In the data below, locate the line containing "MDS Pack of" and the line containing "Benepaw Adorable Rhinestone", then retype both and everything between them exactly. Pictures are not part of the copy.

> [Raw data]

[Start of section]

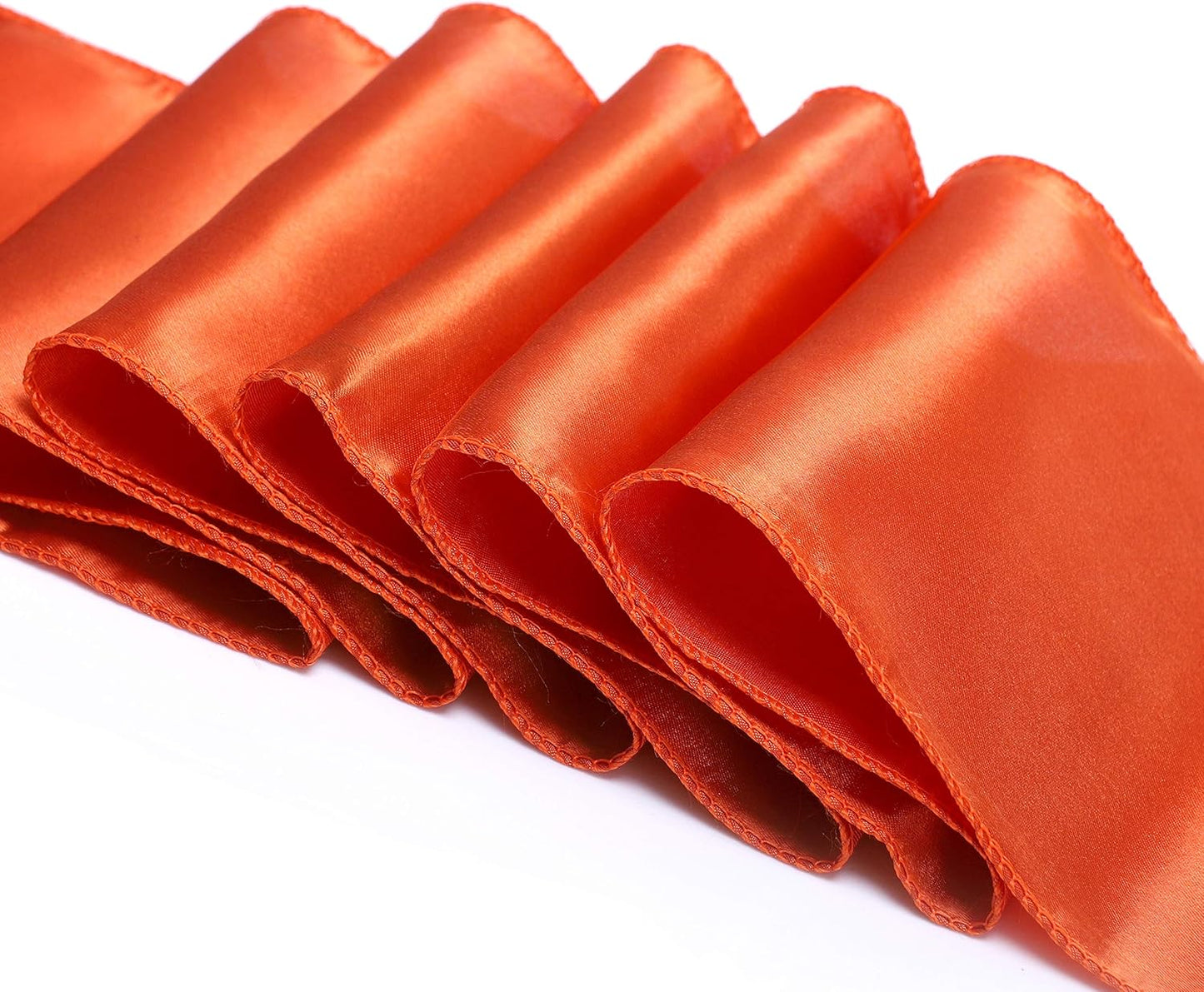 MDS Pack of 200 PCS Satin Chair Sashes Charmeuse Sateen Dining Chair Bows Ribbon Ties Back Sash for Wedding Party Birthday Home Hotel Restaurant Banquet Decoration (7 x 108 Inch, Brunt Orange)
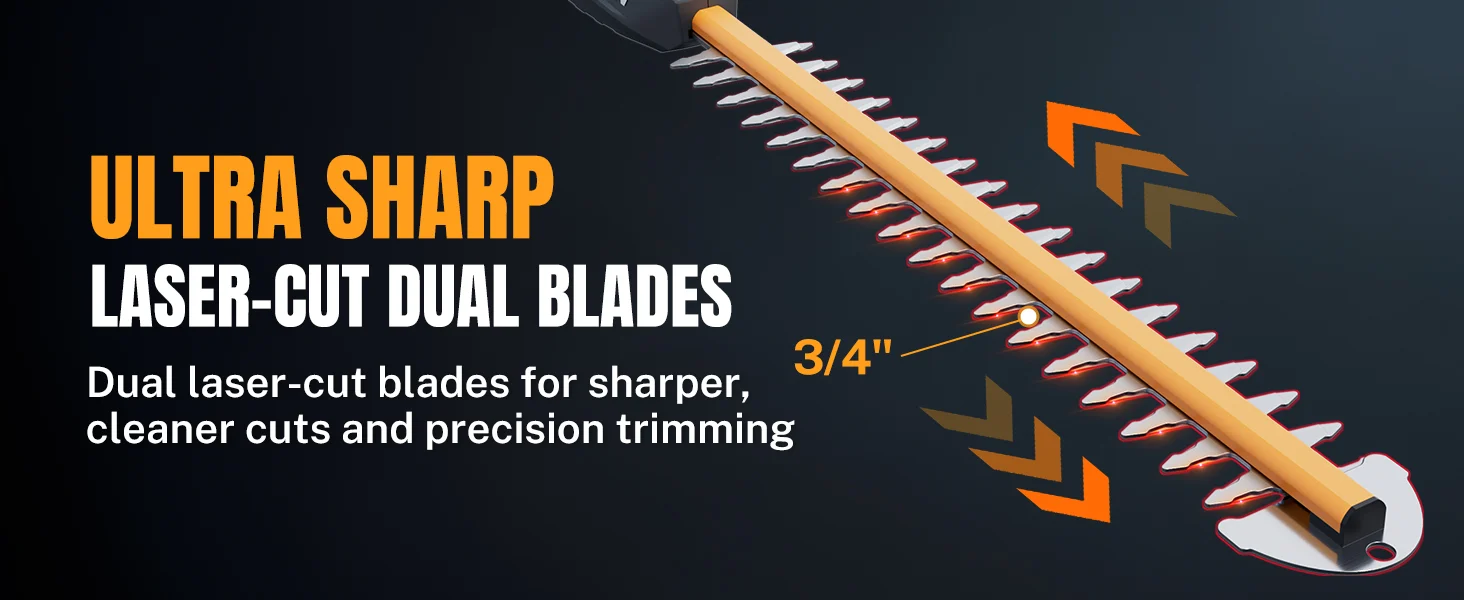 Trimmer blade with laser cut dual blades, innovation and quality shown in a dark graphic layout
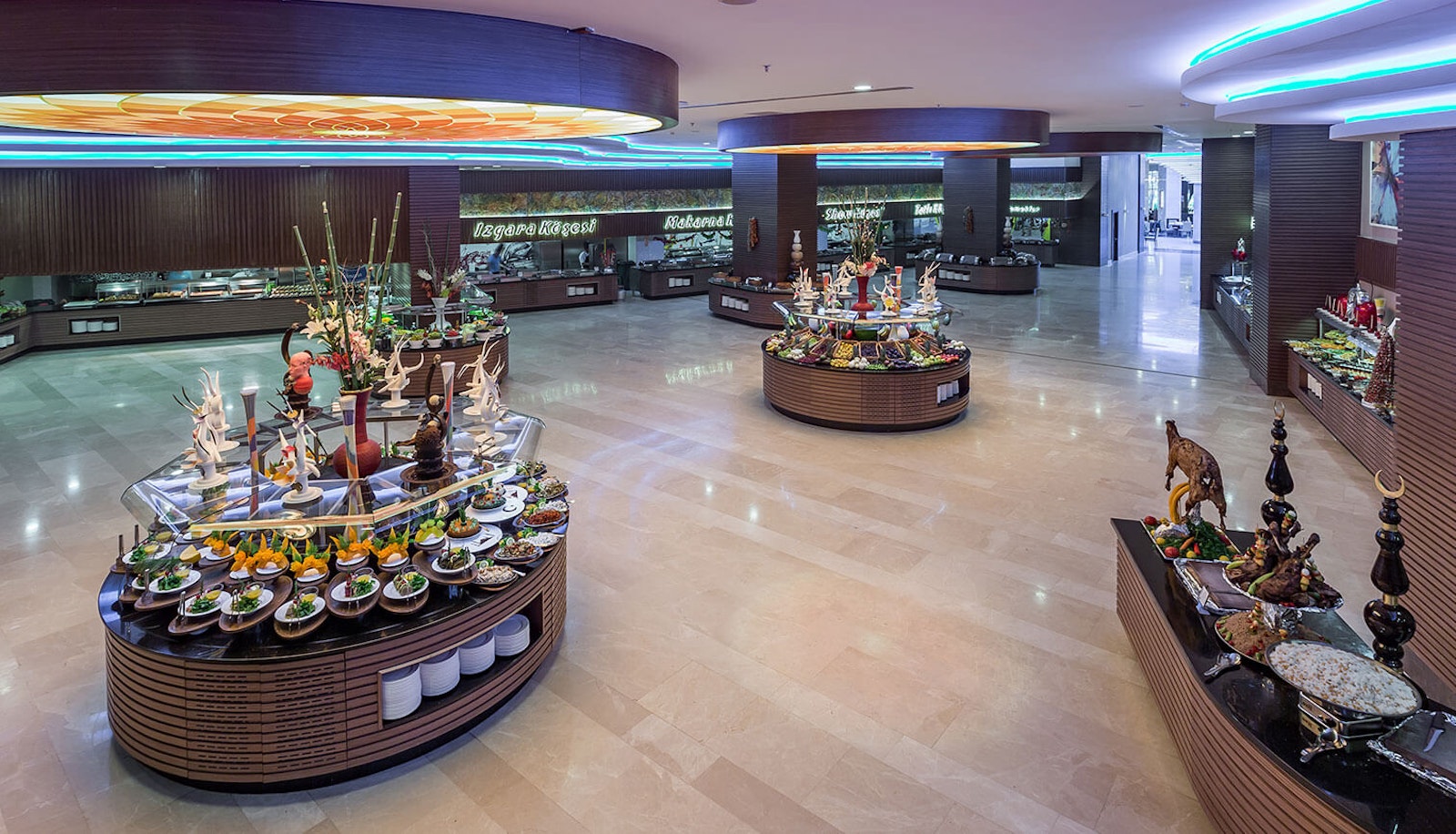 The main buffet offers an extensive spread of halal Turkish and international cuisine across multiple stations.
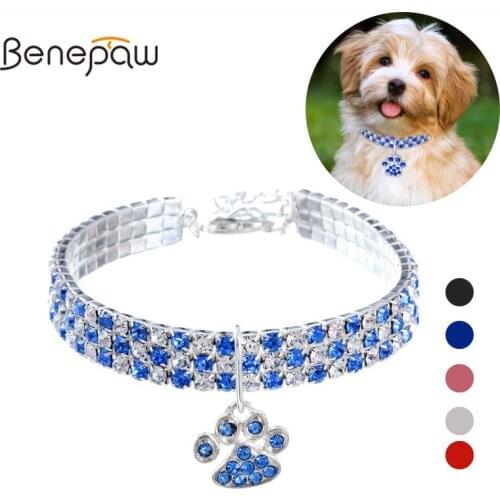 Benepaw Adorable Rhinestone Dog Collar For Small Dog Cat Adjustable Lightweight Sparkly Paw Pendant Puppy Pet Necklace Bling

[End of section]
[Start of section]

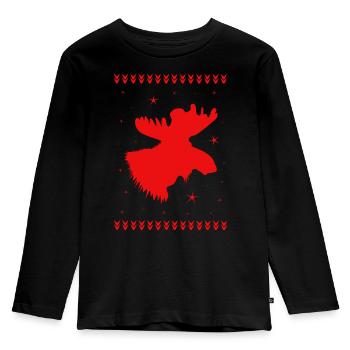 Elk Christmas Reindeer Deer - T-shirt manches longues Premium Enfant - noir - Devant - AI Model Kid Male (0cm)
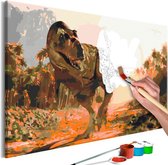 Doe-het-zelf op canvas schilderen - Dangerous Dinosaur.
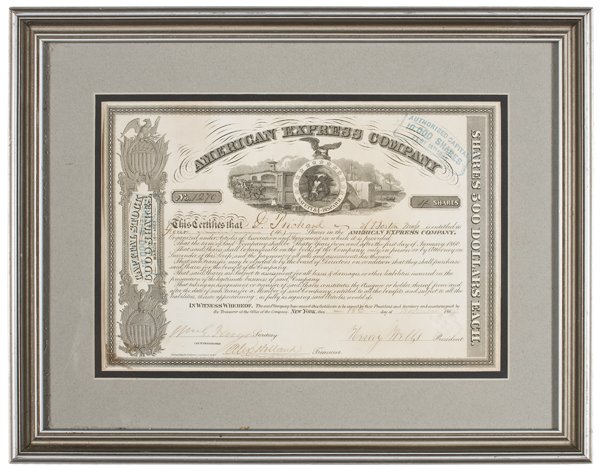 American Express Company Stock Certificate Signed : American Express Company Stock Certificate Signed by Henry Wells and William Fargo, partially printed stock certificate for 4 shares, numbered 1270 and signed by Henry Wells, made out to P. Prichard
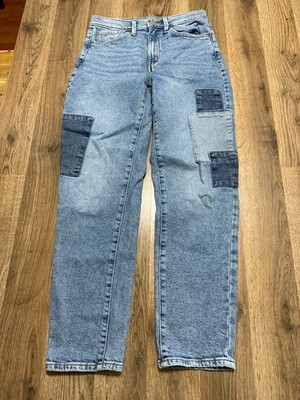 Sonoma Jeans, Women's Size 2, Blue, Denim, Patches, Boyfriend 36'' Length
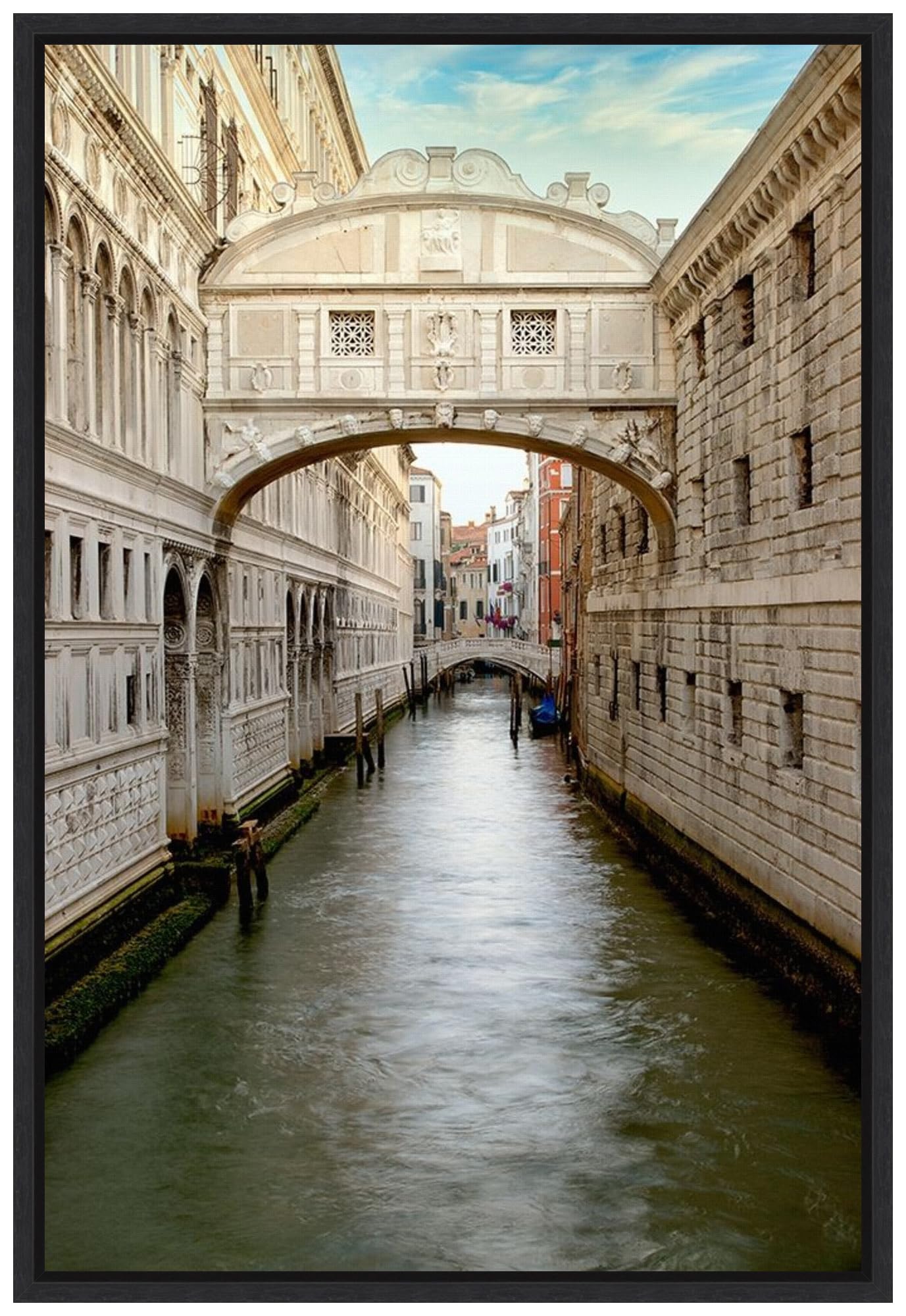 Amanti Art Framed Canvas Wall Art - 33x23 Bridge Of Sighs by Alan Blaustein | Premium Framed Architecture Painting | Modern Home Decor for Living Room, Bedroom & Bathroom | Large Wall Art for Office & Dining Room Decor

[End of section]

> [Response box]
 MDS Pack of 200 PCS Satin Chair Sashes Charmeuse Sateen Dining Chair Bows Ribbon Ties Back Sash for Wedding Party Birthday Home Hotel Restaurant Banquet Decoration (7 x 108 Inch, Brunt Orange)
 Trimmer blade with laser cut dual blades, innovation and quality shown in a dark graphic layout
 The main buffet offers an extensive spread of halal Turkish and international cuisine across multiple stations.
 Benepaw Adorable Rhinestone Dog Collar For Small Dog Cat Adjustable Lightweight Sparkly Paw Pendant Puppy Pet Necklace Bling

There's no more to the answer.